I had managed to follow my own advice from my earlier book about writing (The Muses Among Us: Eloquent Listening and Other Pleasures of the Writer’s Craft):
“One can accomplish a work of any length, given solitudes of any brevity, by designing a cell-like structure of deft episodes—a honeycomb of treasures—building toward a whole story.”
In this case, the whole story had seemed impossible to tell, too big and too strange. This story had been a silence in my family for twenty-four years. Only by telling it in little sips, some half a page, some half a dozen pages, could I bring it forth at last. Brief acts of witness for the writer, compact glimpses for the reader—together, these had gathered into the book in my hands.
Looking up at the curb in the shade, as I let the book fall closed in my hands, I realized something essential about my time on earth had changed. I had set down a difficult and awkward burden and could step forth along a new path. There was an opening ahead. The final resolutions of the book had released me. I now had the power to begin something new.
You reach back through the difficult ending to grasp the beautiful beginning, like pulling a venomous serpent inside out. Then you are on safe ground.
Yes, there could be some challenges ahead. When my family reads the book, who knows what may come up? There may be confusion, disagreement, even some resentment. There may be some good conversation, too, or even, possibly, some gratitude, though I don’t really expect or need that. Stories of my brother I had never heard may come to light. Some of us may talk about his story in depth for the first time. But whatever happens, the conversation will be a new one—not the interrogation I have carried out internally for a quarter of a century, trying to sort it out alone in the citadel of myself. Now, in these pages, I have some consolation.
In this book, my brother’s story is alive. As I stood up from the curb, and put this first copy into my backpack, something in me had grown younger.
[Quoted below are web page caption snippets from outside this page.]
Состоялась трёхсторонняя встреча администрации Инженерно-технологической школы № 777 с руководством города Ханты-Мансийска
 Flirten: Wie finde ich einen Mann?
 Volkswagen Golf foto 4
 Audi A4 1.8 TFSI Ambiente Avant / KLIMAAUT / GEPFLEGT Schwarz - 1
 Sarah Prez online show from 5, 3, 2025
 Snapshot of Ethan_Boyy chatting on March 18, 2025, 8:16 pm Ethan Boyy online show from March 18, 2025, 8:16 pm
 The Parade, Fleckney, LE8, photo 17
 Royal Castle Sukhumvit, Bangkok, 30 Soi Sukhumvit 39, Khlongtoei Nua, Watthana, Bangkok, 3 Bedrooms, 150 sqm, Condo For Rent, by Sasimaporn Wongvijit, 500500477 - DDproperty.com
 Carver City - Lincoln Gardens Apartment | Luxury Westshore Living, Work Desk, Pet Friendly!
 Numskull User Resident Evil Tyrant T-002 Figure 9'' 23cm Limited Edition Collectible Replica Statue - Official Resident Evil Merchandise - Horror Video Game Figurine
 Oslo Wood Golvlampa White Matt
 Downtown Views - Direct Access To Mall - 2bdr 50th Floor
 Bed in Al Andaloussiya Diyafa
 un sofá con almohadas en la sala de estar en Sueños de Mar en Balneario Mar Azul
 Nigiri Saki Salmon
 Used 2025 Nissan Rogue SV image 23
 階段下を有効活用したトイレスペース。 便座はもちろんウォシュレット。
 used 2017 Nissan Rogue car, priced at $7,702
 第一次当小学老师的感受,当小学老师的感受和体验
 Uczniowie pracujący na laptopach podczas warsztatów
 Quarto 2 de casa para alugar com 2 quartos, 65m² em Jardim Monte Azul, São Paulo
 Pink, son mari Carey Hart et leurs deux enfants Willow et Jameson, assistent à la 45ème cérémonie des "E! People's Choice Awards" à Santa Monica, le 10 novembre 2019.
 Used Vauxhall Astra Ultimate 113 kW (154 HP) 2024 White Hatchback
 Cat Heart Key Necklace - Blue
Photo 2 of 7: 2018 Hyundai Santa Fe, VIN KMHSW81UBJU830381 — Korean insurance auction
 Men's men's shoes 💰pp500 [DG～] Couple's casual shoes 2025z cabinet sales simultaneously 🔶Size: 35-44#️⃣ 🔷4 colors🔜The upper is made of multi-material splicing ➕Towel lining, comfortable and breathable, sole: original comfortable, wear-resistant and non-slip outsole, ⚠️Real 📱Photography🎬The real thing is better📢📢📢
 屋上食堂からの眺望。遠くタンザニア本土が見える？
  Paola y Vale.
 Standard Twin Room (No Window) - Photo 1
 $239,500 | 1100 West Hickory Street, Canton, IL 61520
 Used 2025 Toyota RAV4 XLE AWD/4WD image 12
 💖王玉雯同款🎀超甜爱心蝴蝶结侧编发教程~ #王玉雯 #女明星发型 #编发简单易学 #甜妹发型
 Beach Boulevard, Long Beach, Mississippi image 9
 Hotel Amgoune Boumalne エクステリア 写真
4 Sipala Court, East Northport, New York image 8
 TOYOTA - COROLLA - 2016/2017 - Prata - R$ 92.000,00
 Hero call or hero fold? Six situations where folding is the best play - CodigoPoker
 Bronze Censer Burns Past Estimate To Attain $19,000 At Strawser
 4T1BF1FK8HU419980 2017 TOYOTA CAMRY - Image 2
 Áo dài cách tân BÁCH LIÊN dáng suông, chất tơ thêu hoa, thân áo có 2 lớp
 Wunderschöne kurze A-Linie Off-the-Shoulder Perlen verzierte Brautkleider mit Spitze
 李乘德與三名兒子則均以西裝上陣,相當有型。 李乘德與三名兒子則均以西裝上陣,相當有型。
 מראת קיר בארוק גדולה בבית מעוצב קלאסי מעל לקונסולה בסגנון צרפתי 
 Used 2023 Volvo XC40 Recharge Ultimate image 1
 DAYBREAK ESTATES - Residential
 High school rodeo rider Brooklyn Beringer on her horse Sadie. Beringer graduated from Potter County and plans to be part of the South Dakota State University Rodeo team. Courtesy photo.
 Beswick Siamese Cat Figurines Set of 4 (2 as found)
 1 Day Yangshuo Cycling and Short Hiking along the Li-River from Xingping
Kim Stafford is a writer and teacher living in Portland. He is the founding director of the Northwest Writing Institute, a zone for exploratory writing at Lewis & Clark College. His books include The Muses Among Us: Eloquent Listening and other Pleasures of the Writer’s Craft; A Thousand Friends of Rain: New & Selected Poems; and two PNBA Award winners, Having Everything Right: Essays of Place and Early Morning: Remembering My Father, William Stafford.
100 Tricks Every Boy Can Do: How My Brother Disappeared will be available Sept. 25. Among other appearances, Stafford will read Oct. 29 at Powell’s Books, Nov. 8 at Annie Bloom’s, Nov. 14 at Broadway Books and Dec. 4 at Elliott Bay Book Company.
Nice essay. Having lost a brother myself to suicide, much of what you have written here rings so true — the silence in the family; the “impossibility” of trying to tell his story.
I’m sorry about your brother. And I admire that you have attempted this book. I will give it a read.
Kim, I’m impressed by your courage to write about something so awkward and difficult. I have three brothers, so I know how important they can be, especially when you are all younger; they help you figure out the world! It sounds to me like you have finally found your peace. As for me, I’m going to put your new book on my reading list. Cheers!
Kim
I know you have been thinking about writing this book for years. I am so proud of you that you brought it to fruition. I knew you would and it was indeed a very brave endeavor. I know and understand the pain of which a book about a loved ones suicide, which I encountered when writing “Regina’s Closet.” I am sure you had difficult moments — and surely your brother (and father) would be proud!
Looking forward to getting my hands on a copy, soon!